The Biggest Risk to an Organization

I've heard it said that organizations that were designed to succeed in the 20th century are doomed to fail in the 21st. Sure enough, in the past 20 years, disruption has altered the faces of many industries. No industry seems immune as we've seen hotels, taxis, movies, gaming, long distance calling, cameras, etc. all upended. Many of the affected companies knew where the source of disruption was coming from, but they lacked the focus, vision, agility, nimbleness, or decisiveness to get the job done themselves. 

Very few of the disrupted companies would claim that they failed to manage risk effectively. After all, they likely did not fall because of a lawsuit, operational blunder, or single financial misstep. Companies are successful due in large part to their ability to manage such risks. But the task of risk management seems to have changed faster than organizations could adapt. A mighty adversary has emerged that now threatens traditionally rock-solid companies, and many companies are blind to it. This new threat is Strategic Execution Risk, or the risk of not executing on a stated strategy.

Let's define "strategy" as the aim of transforming an organization from what it is today to what it needs to become before it's too late. A well-articulated strategy allows employees to understand the direction a company is moving and the tactics they're likely to employ to get there. 

A common contributor to strategic execution risk is where the strategy is not well-articulated. I've been part of organizations that thought their strategies were well articulated, but failed to measure whether employees truly understood. Communication must be measured, not just communicated. Strategic articulation should be so clear that any employee, regardless of their role in the organization, understands where the organization is headed. Consider a sea of employees each metaphorically wandering the streets of Paris. The strategy should be their Eiffel Tower: If you tell them that's where we're headed, they can simply look up and head that direction.

While strategic articulation issues can easily be overcome, mitigation of strategic execution risk is tricky business. The same tools that are used in other risk management planning efforts can be applied. Complexity arises, however, when we see that the same measures that are taken to prevent risk in other parts of the company are adding to strategic execution risk. Consider a company that has a strategic goal of digitizing its major product lines before the competition beats them to it. In order to execute that strategy, they may need a rapid, major overhaul of their marketing and IT departments that requires immediate layoffs and rapid talent acquisition which must occur faster than their traditional approaches allow. By the time HR and Legal have given their opinions on the how the matter should be handled, the competition may have already passed them by.

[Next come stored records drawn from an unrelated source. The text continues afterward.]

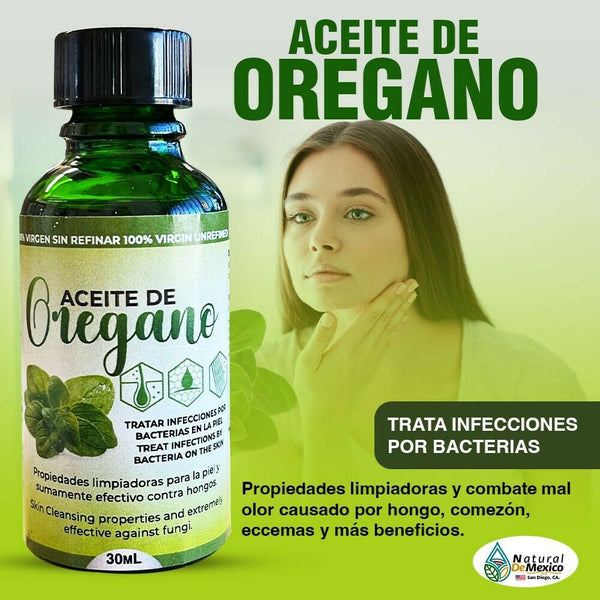 Aceite de Oregano para Hongos, 100% Oil Oregano Sin refinar 30ml. Píe de Atleta
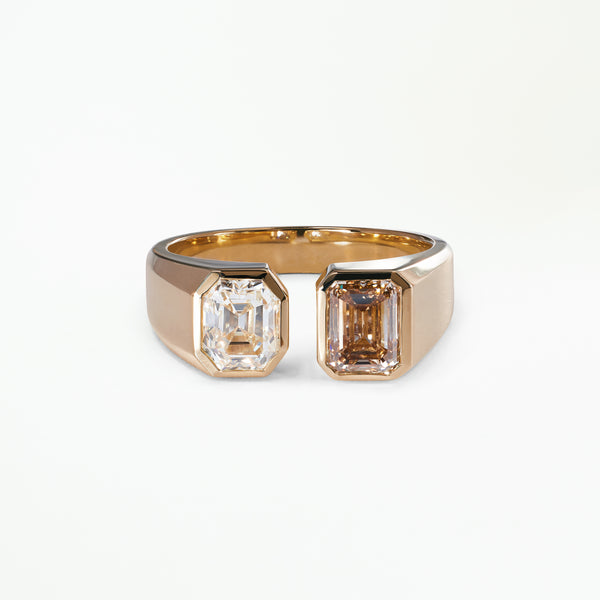 One of a Kind Emerald Cut Diamond Dyad Signet Ring No. 20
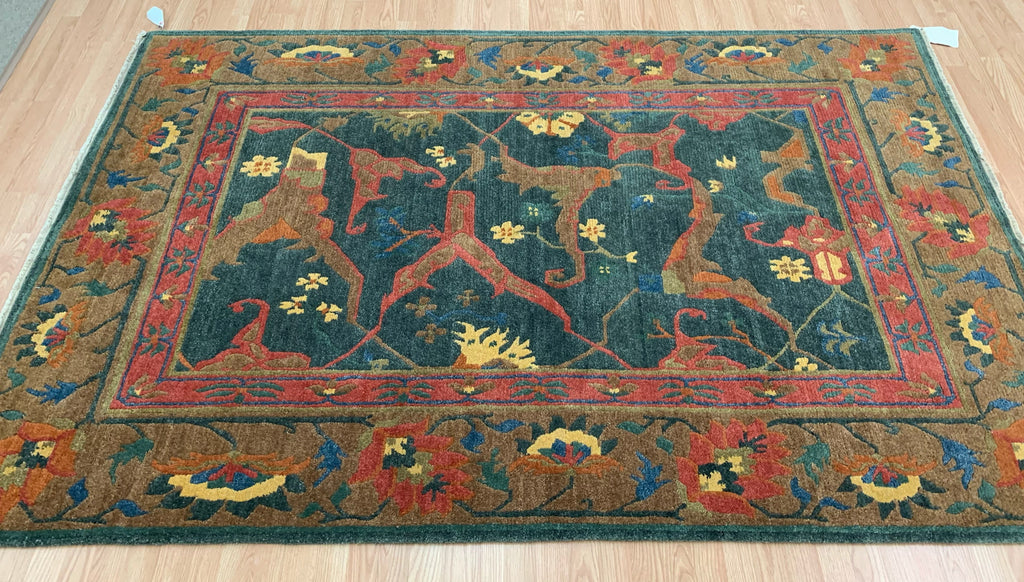 Vintage Hand-Knotted Wool Tufenkian Bidjar Spruce Rug (6'x9')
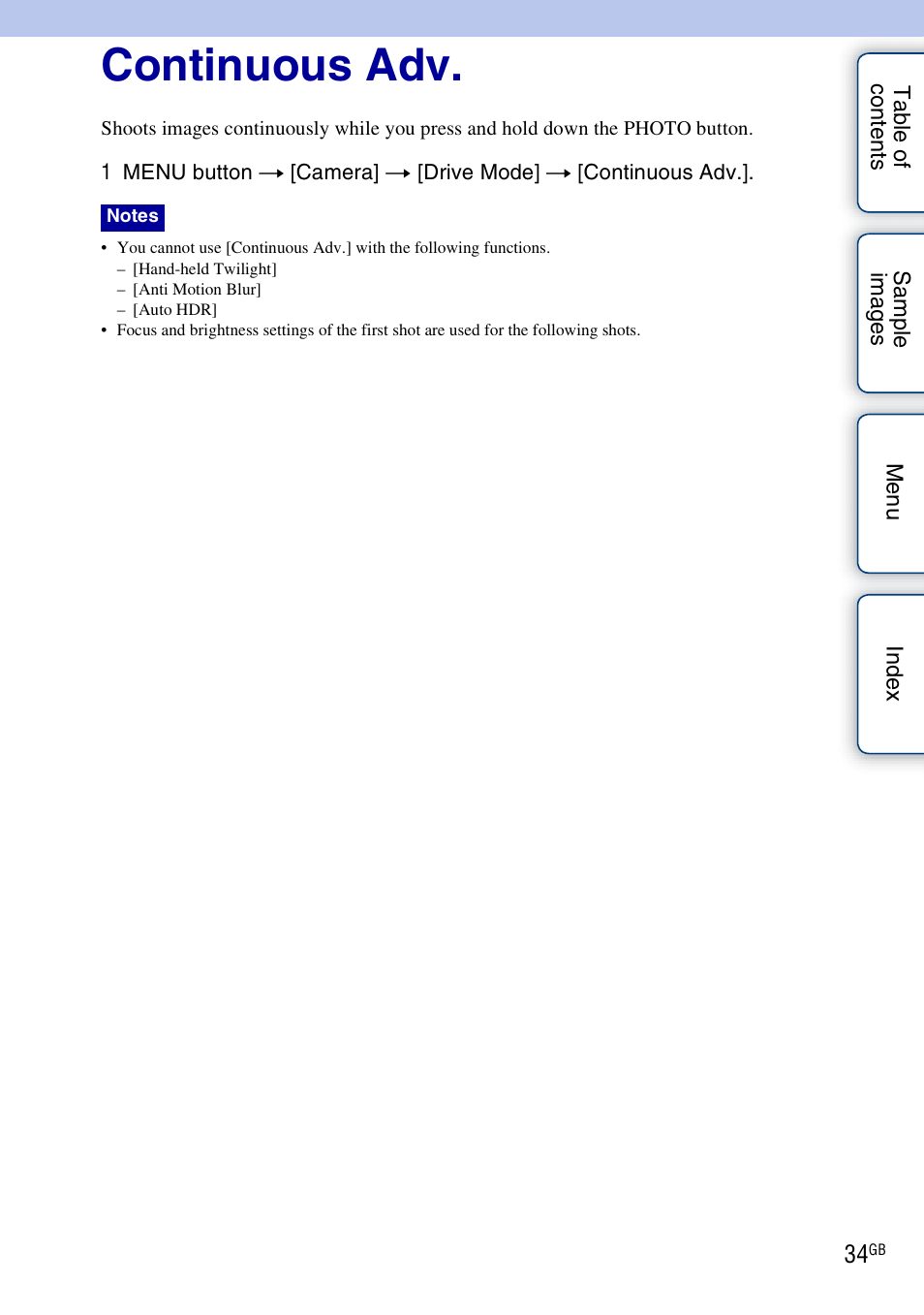 Continuous adv | Sony NEX-VG10 User Manual | Page 34 / 95
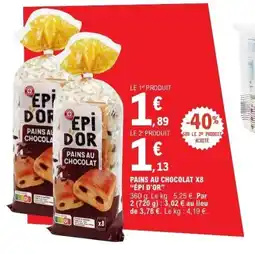 E.Leclerc ÉPI D'OR Pains au chocolat x8 offre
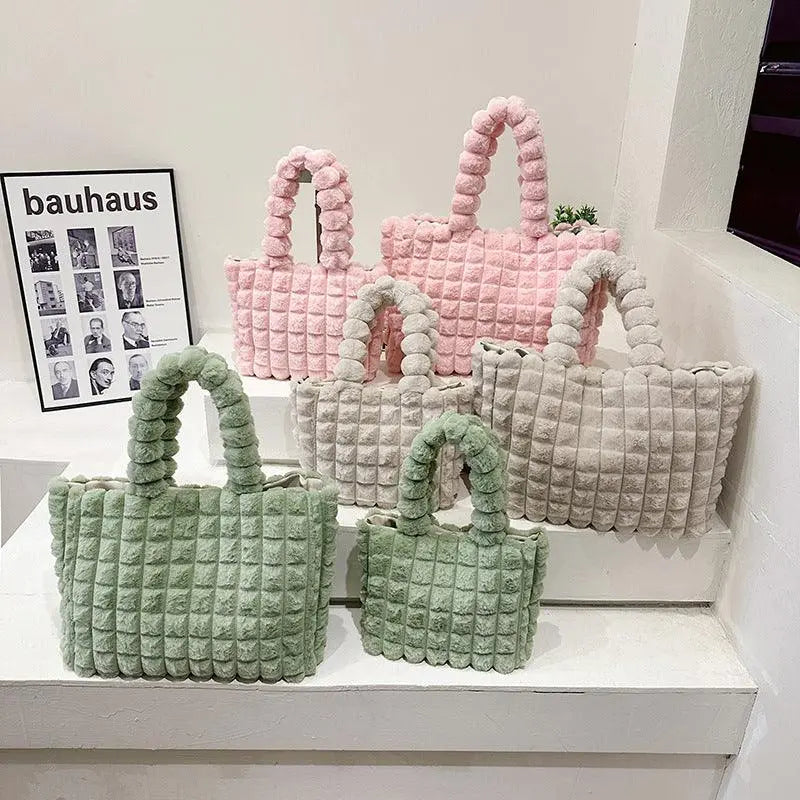 Plaid Plush Luxury Tote Bags - Little Addiction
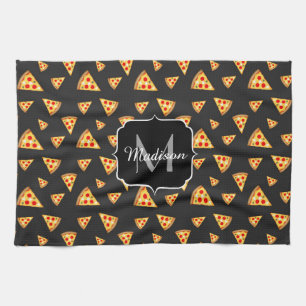 Coole und lustige Pizzaslicmuster Monogram Geschirrtuch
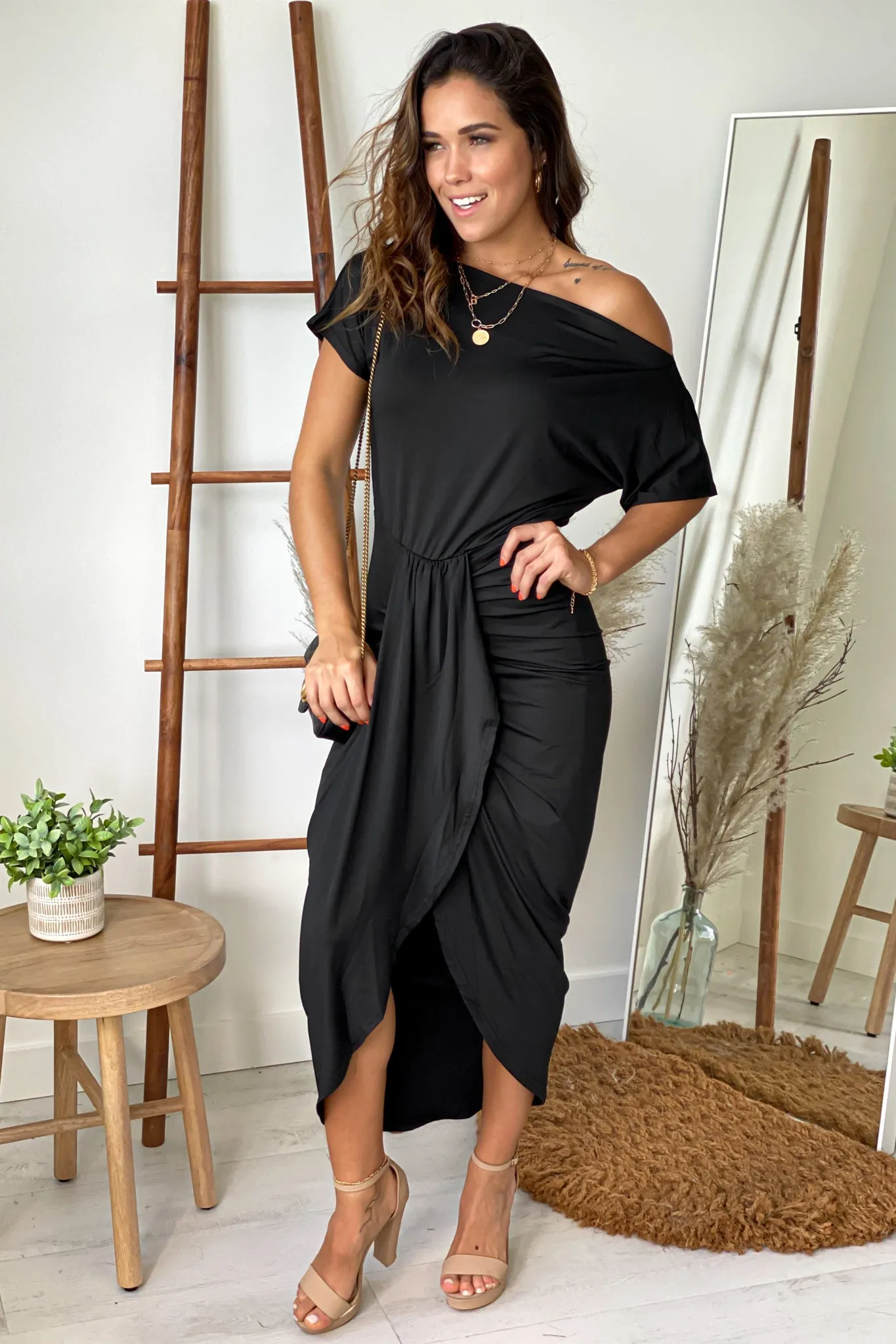 Black Off Shoulder Ruched Dress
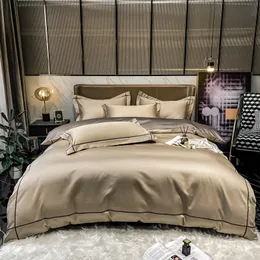 Conjuntos de cama Conjunto de luxo egípcio algodão macia tampa com folhas ajustadas House de Couette Tampas de cor sólida de cor sólida 4ps 4ps
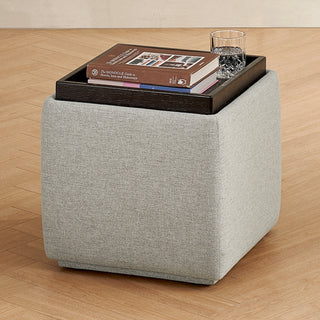 Levi Storage Tray Ottoman, Light Gray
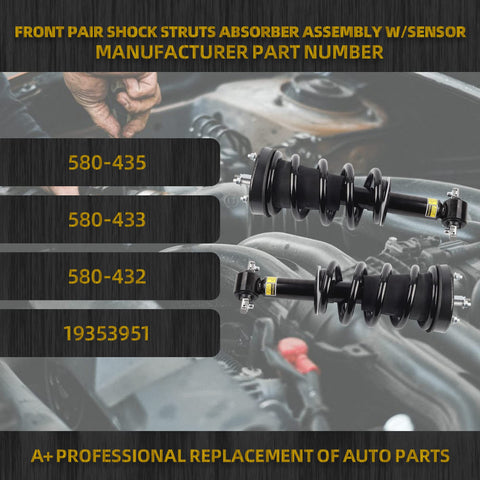 Two Piece Front Struts Assembly With Magnetic Electronic Suspension For 2007 To 2014 Cadillac Escalade Suburban Tahoe GMC Yukon XL Sierra 1500 Replace 580435 with comparison numbers over a car engine background.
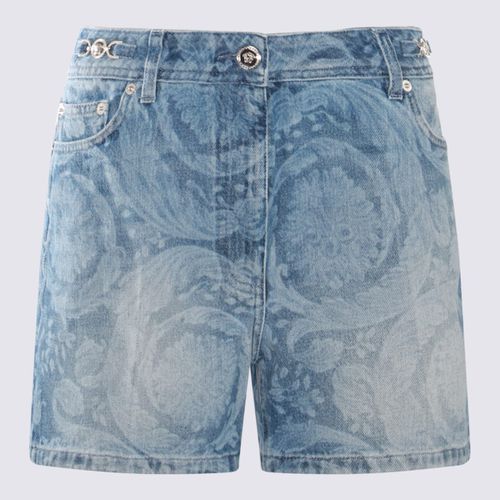 Medium Blue Cotton Denim Shorts - Versace - Modalova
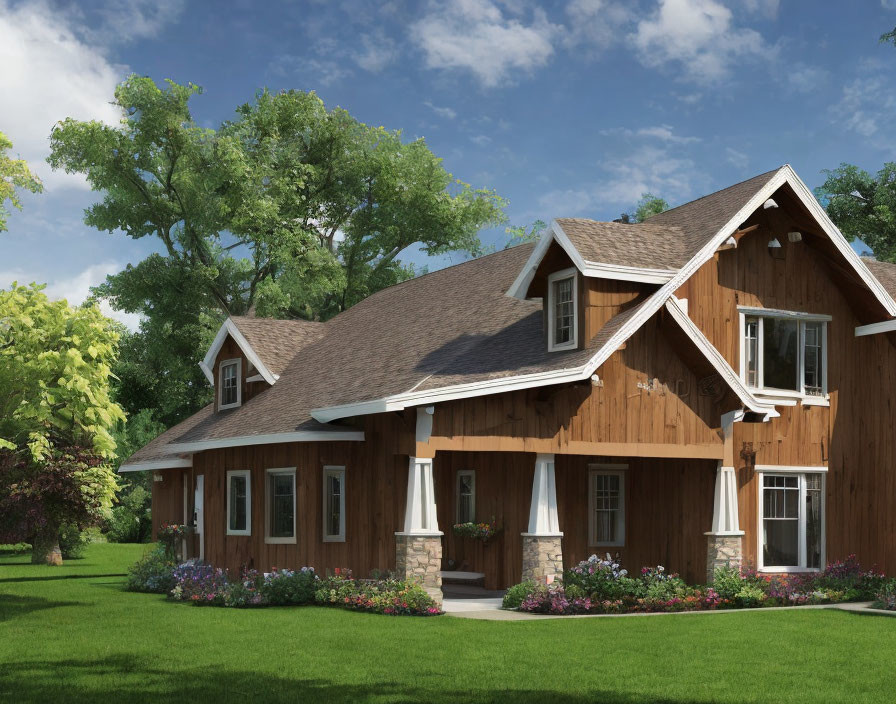 Rustic wooden house with gable roofs in lush greenery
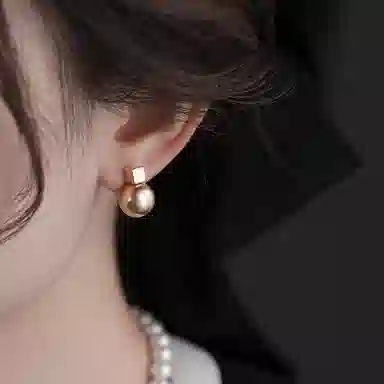 韵系 法式赫本风 几何方块无耳洞 仿珍珠 耳环 女款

What would it look like for a 20th century organization to prioritize strategic execution risk mitigation approaches ahead of others? 

It requires swift decisions that appear to be high risk by traditional measures, but are, in effect, risk-mitigating because they reduce strategic execution risk. For instance, if the potential cost of not executing is greater than the cost of not dotting i's on human resource practices, the traditional HR rules must be broken. Executive teams must be willing to make such trade-offs to advance the company. 

It also requires a realization that decision-making is complex, not linear. Most traditional risk mitigating policies seem linear. That is, action A leads to outcome B. For example, if a legal review is required of each and every HR matter (A), it will reduce legal risk (B). There are so many of these seemingly linear rules in Corporate America, that decision makers become complacent. Some may believe these to be the best rules for the organization, regardless of circumstance. However, decision makers should be valued not for their ability to enforce or implement linear risk mitigation policies, but rather for their ability to recognize where the situations are complex, and to take action despite the added complexity. 

After all, the decision not to act is a decision. In this case, the decision to allow traditional risk mitigation measures to delay or trump a measure that mitigates strategic execution risk is, in fact, a decision. And it's a poor decision: one that can prevent a company from transforming to what it needs to become... before it's too late.